When you write out the listing, keep every character and omit the pictures.

> _DATASET SECTION_
_ _ _ _

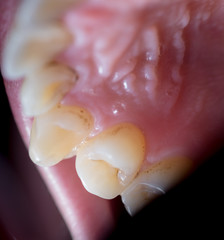 Human teeth macro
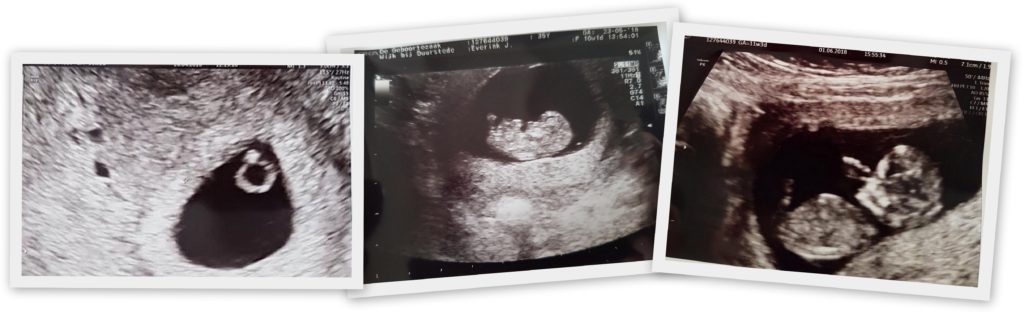 echo EERSTE TRIMESTER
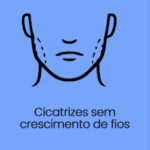 Barba4 Transplante de Barba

_ _ _ _

> _RESPONSE TO THE EXERCISE_
 Human teeth macro
 echo EERSTE TRIMESTER
 Barba4 Transplante de Barba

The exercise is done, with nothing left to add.